UCL MSc Scientific and Data Intensive Computing Research Project
By Tiantian He
The project has constructed a new database that contains the vibrational state lifetimes as well as the partial lifetimes decaying from each initial state to their final states. This has been done using the molecule line lists extracted from the ExoMol database.
To guarantee that this code can be implemented successfully, you should guarantee that:
1.You should use the exoweb, becuase the programming is based on the assumption that all the data from the ExoMol database have already existed. (But it should be fine if you download all the data from the ExoMol database locally on your own device and put them in the exactly same structure as that on the exoweb).
2.No matter you clone the repository from the GitHub by yourself, or use the repository that already exists in the file called lifetime_example_file on the exoweb, you should guarantee that you are in the correct path:
/mnt/data/<working_file>/vibrational_lifetime
Where "working_file" should be your own file or the file called lifetime_example_file that already exists. "vibrational_lifetime" is the name of this GitHub repository.
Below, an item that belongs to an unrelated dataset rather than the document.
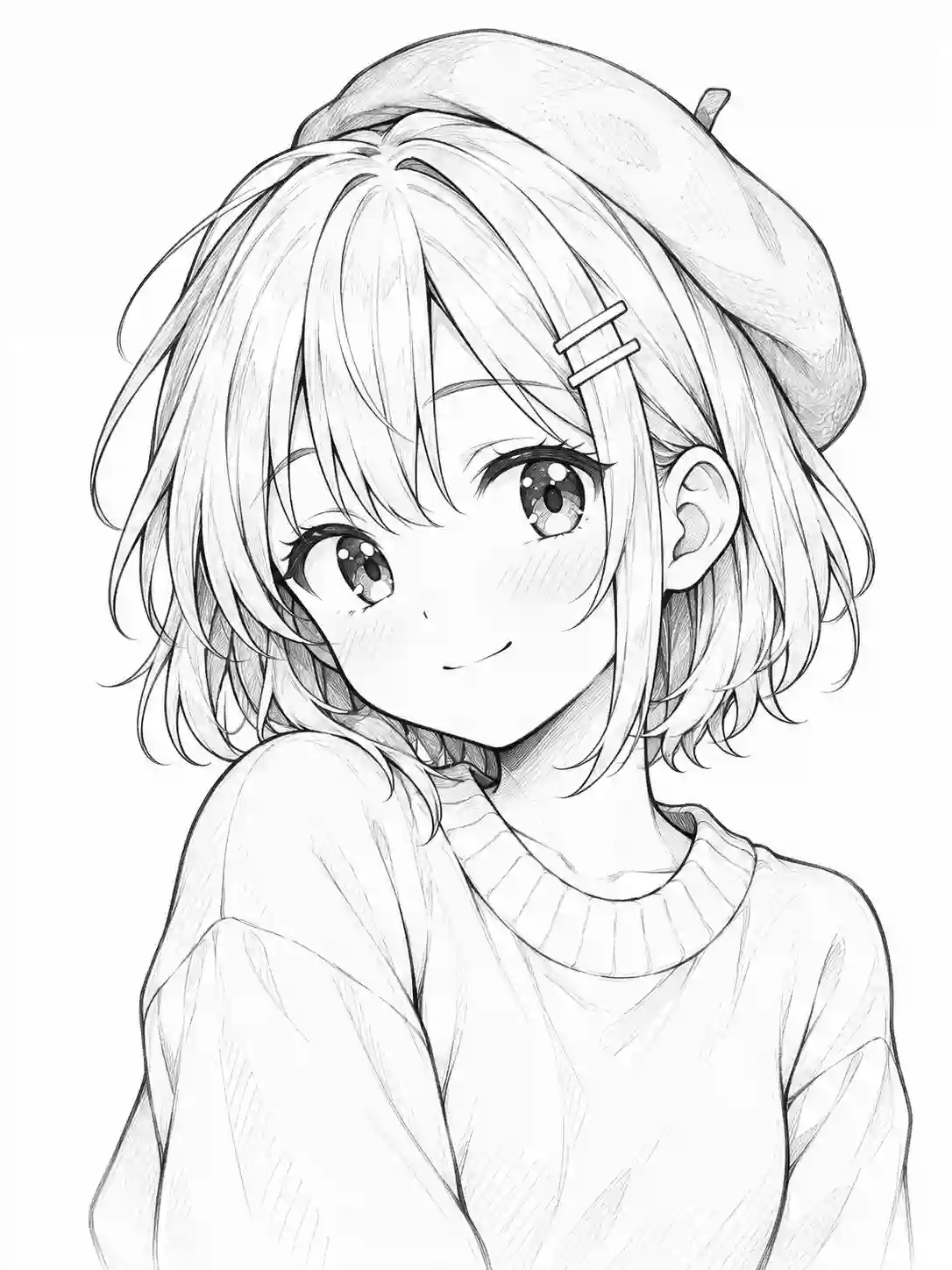 Anime Girl in Beret and Sweater outline template to trace with AR Drawing
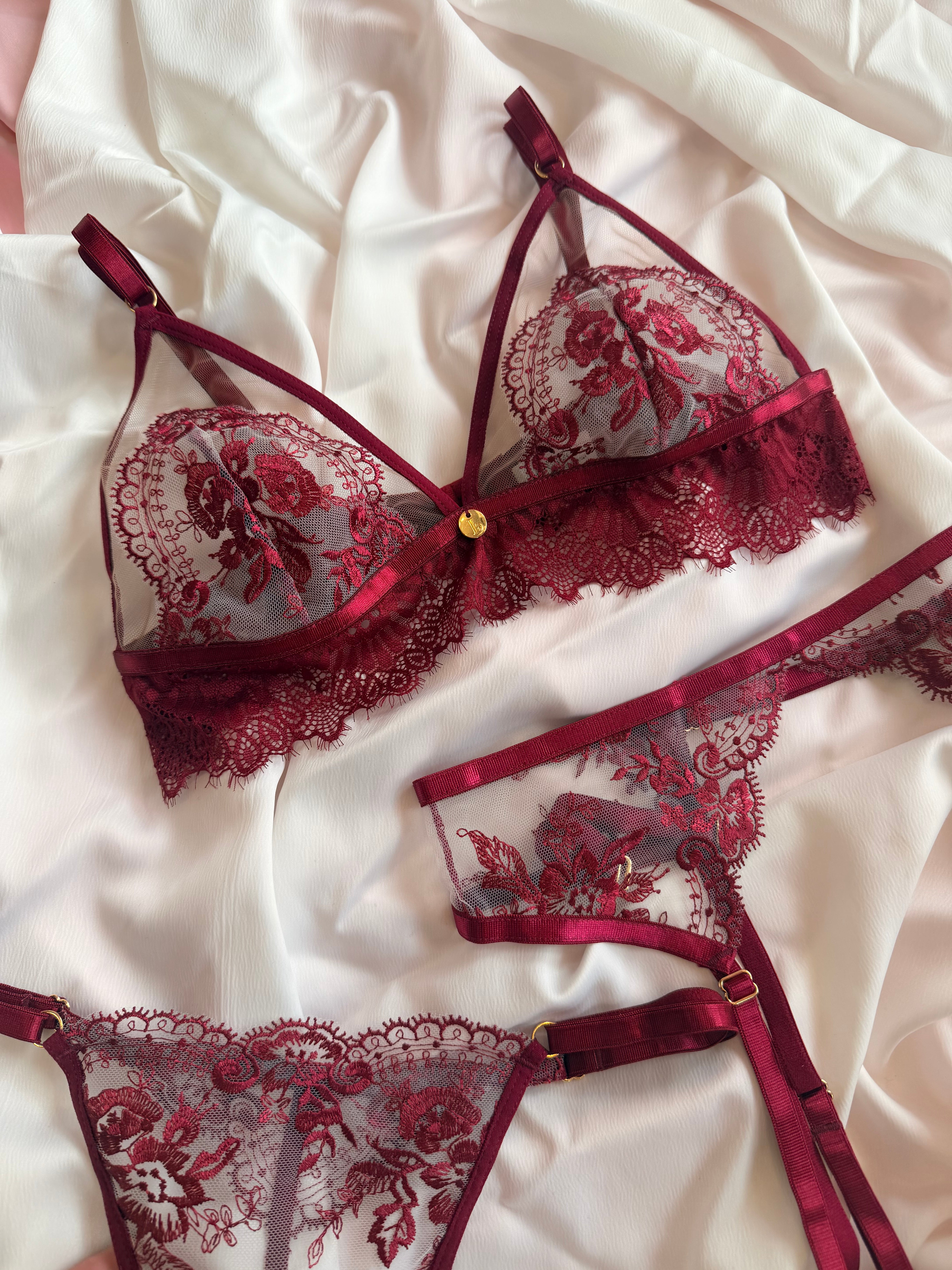 CONJUNTO BELINDA TRANSPARENTE SEXY VINO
This is to guarantee that the relative path in the code is correct. The detailed steps of doing this can be found later in this documentation.
3.If the file/data name or struture on the ExoMol database or the exoweb changes in the future, the implementation of the code may be affected. In this case, please contact the autor of this code to do some modification accordingly.
4.Some molecules whose headers of the states files extracted from the def file are not consistent with the actual states file, so they are temporarily ignored. But it's possible to manually correct their headers within two simple steps. This will be described in the last part of this documentation.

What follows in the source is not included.